“You are not doing anything rash, Miss Jeanne, I hope?” she asked timidly.
Jeanne shook her head.
“What I am doing is not rash at all,” she said softly. “It is necessary.”
Five minutes later Jeanne walked unnoticed down the back stairs of the house, and out into the street. She turned into Piccadilly and entered a bus.
“Where to, miss?” the man asked, as he came for his fare.
“I do not know,” Jeanne said. “I will tell you presently.”
The man stared at her and passed on. Jeanne had spoken the truth. She had no idea where she was going. Her one idea was to get away from every one whom she knew, or who had known her, as the Princess’ ward and a great heiress. She sat in a corner of the bus, and she watched the stream of people pass by. Even there she shrank from any face or figure which seemed to her familiar. She almost forgot that she, too, had been a victim of her stepmother’s deception. She remembered only that she had been the principal figure in it, and that to the whole world she must seem an object for derision and contempt. It was not her fault that she had played a false part in life. But nevertheless she had played it, and it was not likely that many would believe her innocent. The thought of appealing to the Duke, or to Andrew de la Borne, for help, made her cheeks burn with shame. In any ordinary trouble she would have gone to them. This, however, was something too humiliating, too impossible. She felt that it was a blow which she could ask no one to share.

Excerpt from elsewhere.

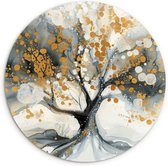WallCircle® Wandcirkel 140x140 cm - Muurcirkel Boom - Modern - Abstract - Kunst - Marmer - Levensboom - Muurdecoratie woonkamer - Wanddecoratie slaapkamer - Kamer decoratie accessoires - Ronde schilderijen - Woonaccessoires binnen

The omnibus rolled on eastwards and reached Liverpool Street. A sudden overwhelming impulse decided Jeanne as to her destination. She remembered that peculiar sense of freedom, that first escape from her cramped surroundings, which had come to her walking upon the marshes of Salthouse. She would go there again, if it was only for a day or two; find rooms somewhere in the village, and write to Monsieur Laplanche from there. Visitors she knew were not uncommon in the little seaside village, and she would easily be able to keep out of the way of Cecil, if he were still there. The idea seemed to her like an inspiration. She went up to the ticket-office and asked for a ticket for Salthouse. The man stared at her.
“Never heard of the place, miss,” he said. “It’s not on our line.”
“It is near Wells on the east coast,” she said. “Now I think of it, I remember one has to drive from Wells. Can I have a ticket to there?”
He glanced at the clock.
“The train goes in ten minutes, miss,” he said.